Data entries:

┄┄┄┄┄┄┄┄┄┄

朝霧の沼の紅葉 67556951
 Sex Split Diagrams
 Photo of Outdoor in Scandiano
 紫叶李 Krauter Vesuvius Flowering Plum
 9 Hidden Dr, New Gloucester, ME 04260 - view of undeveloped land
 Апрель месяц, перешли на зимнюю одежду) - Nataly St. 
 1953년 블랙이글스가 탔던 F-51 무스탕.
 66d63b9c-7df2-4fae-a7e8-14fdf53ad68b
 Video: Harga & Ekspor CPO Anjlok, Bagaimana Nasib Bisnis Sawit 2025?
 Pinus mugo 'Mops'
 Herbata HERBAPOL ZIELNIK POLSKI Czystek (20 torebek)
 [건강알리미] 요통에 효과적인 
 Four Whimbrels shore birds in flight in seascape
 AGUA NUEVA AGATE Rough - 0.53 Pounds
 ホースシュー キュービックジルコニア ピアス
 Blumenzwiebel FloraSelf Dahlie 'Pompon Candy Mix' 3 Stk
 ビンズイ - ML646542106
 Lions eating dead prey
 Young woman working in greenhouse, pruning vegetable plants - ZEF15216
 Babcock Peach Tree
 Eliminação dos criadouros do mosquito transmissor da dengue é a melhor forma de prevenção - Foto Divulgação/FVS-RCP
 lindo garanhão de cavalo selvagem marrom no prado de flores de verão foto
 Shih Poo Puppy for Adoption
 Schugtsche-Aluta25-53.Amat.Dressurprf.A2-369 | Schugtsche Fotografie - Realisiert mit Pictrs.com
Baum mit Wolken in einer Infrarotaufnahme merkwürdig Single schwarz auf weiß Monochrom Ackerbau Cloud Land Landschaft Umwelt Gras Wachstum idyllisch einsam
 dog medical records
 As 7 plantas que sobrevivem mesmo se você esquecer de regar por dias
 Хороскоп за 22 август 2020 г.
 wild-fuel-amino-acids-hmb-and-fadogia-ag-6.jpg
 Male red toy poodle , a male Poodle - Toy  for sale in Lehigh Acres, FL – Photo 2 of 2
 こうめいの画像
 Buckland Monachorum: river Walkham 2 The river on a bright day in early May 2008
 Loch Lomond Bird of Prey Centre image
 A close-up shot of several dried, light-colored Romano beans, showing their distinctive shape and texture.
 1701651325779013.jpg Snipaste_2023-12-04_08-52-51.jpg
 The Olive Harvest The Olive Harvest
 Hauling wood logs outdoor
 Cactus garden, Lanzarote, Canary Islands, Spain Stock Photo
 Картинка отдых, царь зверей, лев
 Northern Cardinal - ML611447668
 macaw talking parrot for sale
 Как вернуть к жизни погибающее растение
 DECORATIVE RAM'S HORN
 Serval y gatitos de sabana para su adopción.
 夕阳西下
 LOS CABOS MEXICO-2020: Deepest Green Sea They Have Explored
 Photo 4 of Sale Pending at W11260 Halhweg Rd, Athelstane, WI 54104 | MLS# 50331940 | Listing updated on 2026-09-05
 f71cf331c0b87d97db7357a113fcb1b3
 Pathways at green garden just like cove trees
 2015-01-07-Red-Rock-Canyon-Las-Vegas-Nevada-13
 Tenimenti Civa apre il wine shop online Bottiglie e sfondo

┄┄┄┄┄┄┄┄┄┄

**EXERCISE OBJECTIVE:**
Send back an exact copy of only the lines from the line with "Video: Harga &" up to and including the line with "Young woman working" in the data above.

**OUTPUT OF THE TASK:**
 Video: Harga & Ekspor CPO Anjlok, Bagaimana Nasib Bisnis Sawit 2025?
 Pinus mugo 'Mops'
 Herbata HERBAPOL ZIELNIK POLSKI Czystek (20 torebek)
 [건강알리미] 요통에 효과적인 
 Four Whimbrels shore birds in flight in seascape
 AGUA NUEVA AGATE Rough - 0.53 Pounds
 ホースシュー キュービックジルコニア ピアス
 Blumenzwiebel FloraSelf Dahlie 'Pompon Candy Mix' 3 Stk
 ビンズイ - ML646542106
 Lions eating dead prey
 Young woman working in greenhouse, pruning vegetable plants - ZEF15216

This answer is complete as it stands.